PROLOGO
«Mael,
per favore. E' un'intera estate, non puoi lasciarmi sola con quei
marmocchi dei miei fratelli. Ti prego, Emme..»
«Jeanette, se
fosse per me rimarrei qui.. non posso farci nulla» sospirai,
piegando accuratamente gli ultimi maglioni ancora nell'armadio
«Te
lo ripeto per l'ennesima volta, i miei festeggiano il quindicesimo
anno di matrimonio proprio quest'estate e vogliono festeggiare fuori,
quindi spediscono me e i miei fratelli a casa di mia zia Ann, a
Londra. Non posso farci nulla»
Sistemai finalmente l'ultimo paio
di jeans nella valigia, ricontrollai l'elenco con tutte le cose da
portare, e segnai col pennarello nero una x accanto alla parola
'vestiti'. Dentifricio, spazzolino e snacks e la valigia sarebbe
stata pronta.
«Ma sono quattro mesi, Mael» piagnucolò,
gettandosi a peso morto sul mio letto, accanto a me e la valigia.
La
porta emise un cigolio, si aprì lentamente ed
entrò la mia
sorellina, che trotterellò dentro e si appollaiò
sul tappetino di
fronte a me, guardandomi con sguardo dolce con i suoi enormi occhioni
verdi.
Scoppiai a ridere, la presi per la vita e la poggiai
dolcemente sulle mie gambe.
«Mi telefonerai ogni giorno, vero?»
mormorò Jeanette.
«Ogni ora» sorrisi, stringendo Ellen a me.
Di
scatto, Ellen iniziò a gesticolare e a brontolare qualcosa,
la presi
e la misi a terra, cercando di capire ciò che avrebbe voluto
comunicarmi.
«Pitta pitta pitta!!» cominciò a urlare,
saltellando energicamente su un piede.
«Ah, hai fame»
ridacchiai, mi voltai verso Jeanette «Scendo un attimo in
cucina»
Scesi frettolosamente le scale, corsi al pianoterra e in
cucina e aprii il frigo apparentemente vuoto, ma in realtà
straripante di piccoli pacchettini avvolti da carta da regalo
azzurra, cioè le scorte di cibo che avremmo dovuto portare
con noi e
che ci sarebbero potute essere utili durante il lunghissimo viaggio.

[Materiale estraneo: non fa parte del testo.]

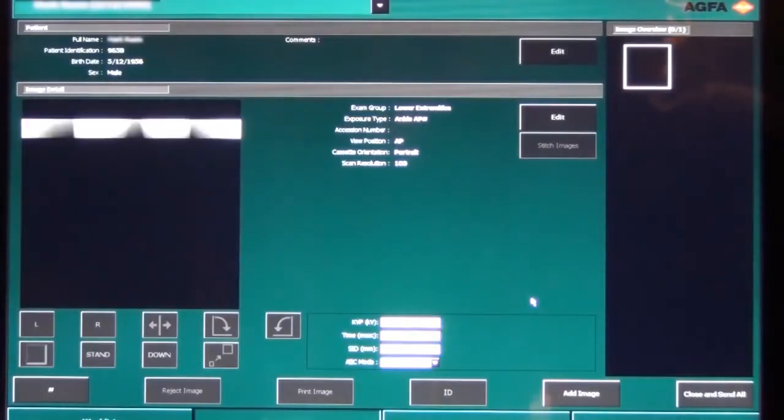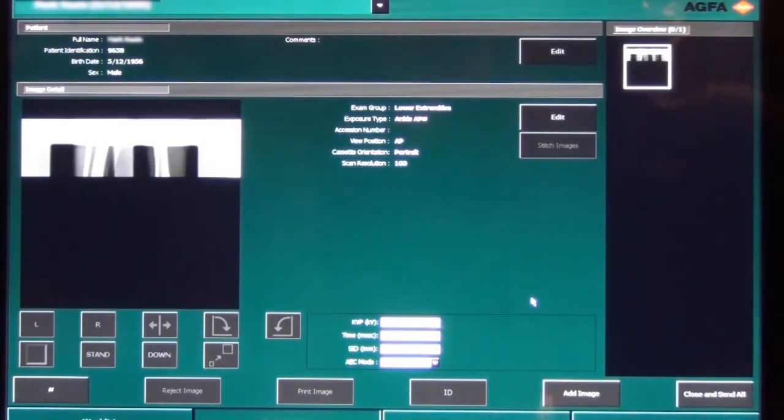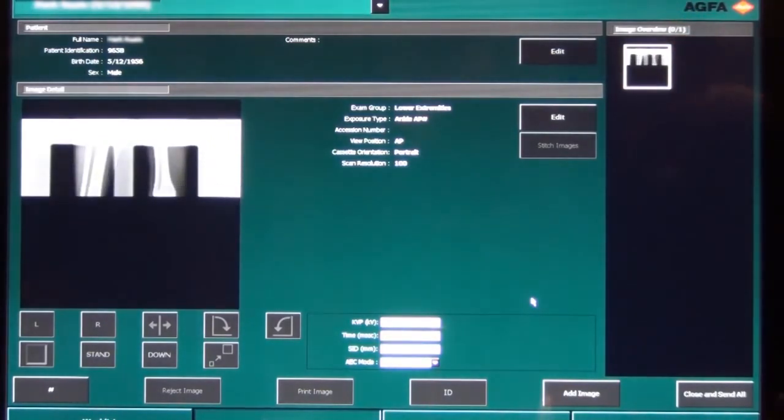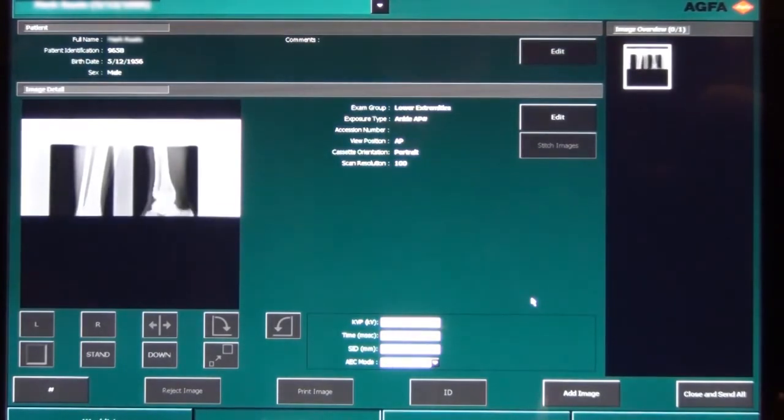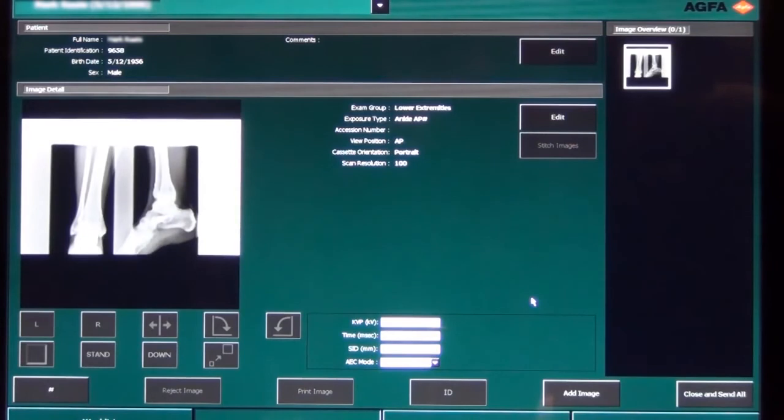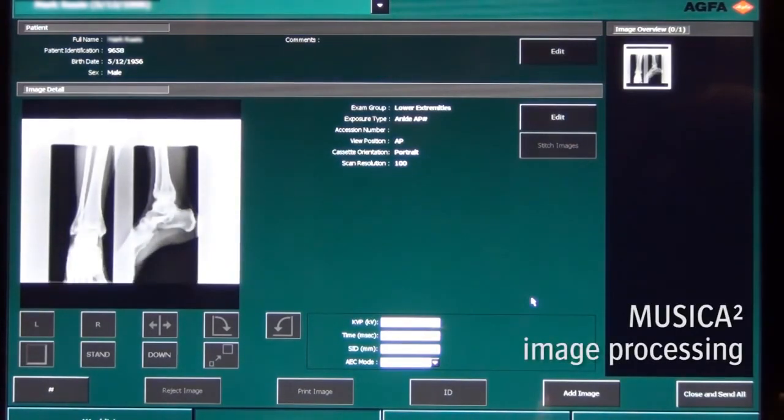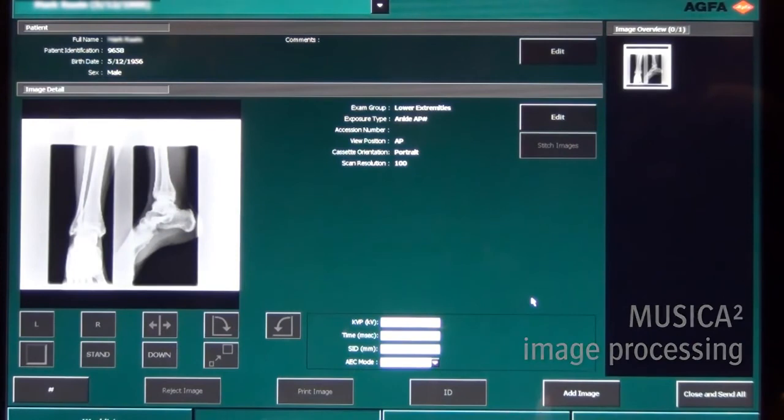While scanning the cassette, the preview image is building up. The white borders that you see are the non-exposed areas as a result of the collimation. When the preview image is complete, it is processed with our intelligent Musica II image processing that empowers your radiology department.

Sul fondo del frigo, mezza spiaccicata sulla mensola, c'era un
trancio di pizza margherita con tanto di wrustel e patatine, avvolta
per metà nella carta argentata.
La presi e salii a due a due i
gradini, facendo ben attenzione a non far cadere qualche mollica a
terra - dato che a mia madre era venuta la brillante idea di lavare
e spolverare l'intera casa, per poi trovarla come un gioiellino
quando sarebbe tornata a settembre.
«Tieni» mormorai, porgendo
il trancio di pizza alla bambina, che con occhi sognanti la fissava
come fosse oro.
La prese e cominciò a ingurgitarla
rumorosamente, manco non avesse mangiato da una settimana, quando
proprio quella mattina aveva divorato ben due ovetti kinder, dentro i
quali aveva, tra parentesi, trovato due pupazzetti di Willy il
Coyote.
Poi
squillò il telefono, giù in cucina, quindi fui
costretta nuovamente
a scendere di corsa le scale e correre come fossi alle Olimpiadi
verso la cornetta grigia incollata al muro.
«Pronto?» dissi.
«Mael, sei pronta?» chiese mia madre, dall'altra
parte della
cornetta.
«Sono ancora le undici, mamma» sospirai.
«Diamine,
Mael!» strillò «Non mi hai sentito
stamattina, allora? Ti ho detto
che dovevamo essere in aeroporto alle undici e trenta, quindi voi
dovevate essere già pronti adesso. Preparatevi, zia
è appena
partita» e staccò.
Era già partita? Quindi, facendo velocemente
qualche conto (sì, essere brava in matematica aveva qualche
vantaggio), in meno di quindici minuti sarebbe già arrivata
qui. E
io ero ancora in pigiama, con la valigia ancora in preparativi..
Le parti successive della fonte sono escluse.